Die beiden Forscher haben ihre Berechnungen für zwei erst vor kurzem entdeckte Exoplaneten angestellt: Kepler-22b und KOI211.01. Zwar ist nicht bekannt, ob diese Planeten Monde besitzen, aber die Berechnungen wurden auf diese Planeten bezogen.
Exomonde sind weitergehenden astrophysikalischen Einwirkungen unterworfen als Exoplaneten, weil sie nicht nur um einen Stern kreisen, sondern auch noch um einen Planeten, also quasi von zwei Seiten Einflüssen ausgesetzt sind. Die wichtigsten sind:
- Die hochenergetische Strahlung des Mutterplaneten, die insbesondere die oberen Atmosphärenschichten beeinflusst und dafür sorgen kann, dass sich die Atmosphäre schon früh verflüchtigt.

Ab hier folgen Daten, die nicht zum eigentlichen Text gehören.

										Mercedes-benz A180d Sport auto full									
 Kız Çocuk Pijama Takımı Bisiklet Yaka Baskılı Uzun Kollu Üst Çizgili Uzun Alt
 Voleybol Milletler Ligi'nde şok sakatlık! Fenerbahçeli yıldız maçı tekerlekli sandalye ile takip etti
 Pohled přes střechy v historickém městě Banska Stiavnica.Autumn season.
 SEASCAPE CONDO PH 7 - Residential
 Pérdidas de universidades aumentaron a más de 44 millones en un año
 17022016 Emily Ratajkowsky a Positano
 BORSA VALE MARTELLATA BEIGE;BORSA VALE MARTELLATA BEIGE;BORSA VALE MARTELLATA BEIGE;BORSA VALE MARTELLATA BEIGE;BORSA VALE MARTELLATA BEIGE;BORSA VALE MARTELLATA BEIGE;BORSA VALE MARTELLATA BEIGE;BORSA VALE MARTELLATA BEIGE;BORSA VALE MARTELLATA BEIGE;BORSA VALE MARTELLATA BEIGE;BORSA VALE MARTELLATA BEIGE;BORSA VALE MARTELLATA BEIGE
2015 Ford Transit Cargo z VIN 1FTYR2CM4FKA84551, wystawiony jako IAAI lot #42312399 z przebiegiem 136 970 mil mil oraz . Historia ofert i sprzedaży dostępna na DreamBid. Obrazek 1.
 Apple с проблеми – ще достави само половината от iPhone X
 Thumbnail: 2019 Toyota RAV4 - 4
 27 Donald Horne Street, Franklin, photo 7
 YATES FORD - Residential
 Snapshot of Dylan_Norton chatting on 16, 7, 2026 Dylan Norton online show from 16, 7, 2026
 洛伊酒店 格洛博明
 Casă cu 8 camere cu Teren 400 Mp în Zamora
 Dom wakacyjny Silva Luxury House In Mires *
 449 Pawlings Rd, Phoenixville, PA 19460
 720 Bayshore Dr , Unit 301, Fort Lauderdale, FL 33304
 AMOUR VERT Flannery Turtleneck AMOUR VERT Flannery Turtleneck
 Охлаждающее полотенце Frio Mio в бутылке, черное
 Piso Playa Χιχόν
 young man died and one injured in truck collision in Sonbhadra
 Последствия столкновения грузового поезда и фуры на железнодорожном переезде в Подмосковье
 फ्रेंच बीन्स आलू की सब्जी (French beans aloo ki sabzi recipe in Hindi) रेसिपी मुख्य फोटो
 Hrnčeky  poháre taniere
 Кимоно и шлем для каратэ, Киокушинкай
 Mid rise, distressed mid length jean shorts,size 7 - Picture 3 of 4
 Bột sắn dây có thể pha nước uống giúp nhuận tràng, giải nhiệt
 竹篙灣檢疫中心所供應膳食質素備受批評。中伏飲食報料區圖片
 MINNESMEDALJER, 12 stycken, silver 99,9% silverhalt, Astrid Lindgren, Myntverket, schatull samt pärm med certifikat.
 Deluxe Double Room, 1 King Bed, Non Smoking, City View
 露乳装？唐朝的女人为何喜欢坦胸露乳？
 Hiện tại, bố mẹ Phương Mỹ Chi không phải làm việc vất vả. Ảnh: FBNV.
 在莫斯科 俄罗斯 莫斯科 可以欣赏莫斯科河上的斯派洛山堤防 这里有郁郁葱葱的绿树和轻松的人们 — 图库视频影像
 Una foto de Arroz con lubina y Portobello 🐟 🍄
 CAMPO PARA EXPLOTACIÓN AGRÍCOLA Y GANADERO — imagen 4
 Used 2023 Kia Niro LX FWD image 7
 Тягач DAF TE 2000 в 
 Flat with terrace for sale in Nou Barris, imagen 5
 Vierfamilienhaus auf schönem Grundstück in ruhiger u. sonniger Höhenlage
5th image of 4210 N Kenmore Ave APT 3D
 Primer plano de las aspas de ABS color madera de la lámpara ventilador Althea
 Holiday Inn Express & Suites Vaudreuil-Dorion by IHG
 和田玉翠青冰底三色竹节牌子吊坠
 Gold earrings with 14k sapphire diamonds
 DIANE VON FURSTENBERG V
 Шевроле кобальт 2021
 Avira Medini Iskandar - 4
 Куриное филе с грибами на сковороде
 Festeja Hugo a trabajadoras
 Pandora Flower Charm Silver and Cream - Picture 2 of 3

- Die Auswirkungen der so genannten gebundenen Rotation, die dazu führt, dass der Mond seinem Mutterplaneten immer die gleiche Seite zuwendet, was starke Auswirkungen auf die klimatischen Bedingungen auf dem Mond haben kann.
- Die Tatsache, dass der Mond von zwei Körpern Strahlung erhält: Von seinem Stern und von seinem Planeten.
- Die so genannte Gezeitenheizung: Damit sind die starken Auswirkungen der Gravitationskräfte des Mutterplaneten auf die Monde gemeint, die z.B. beim Jupitermond Io das Gestein bis zu 300 Meter hoch auftürmen können. Gezeitenkräfte sorgen für eine Aufheizung der Monde.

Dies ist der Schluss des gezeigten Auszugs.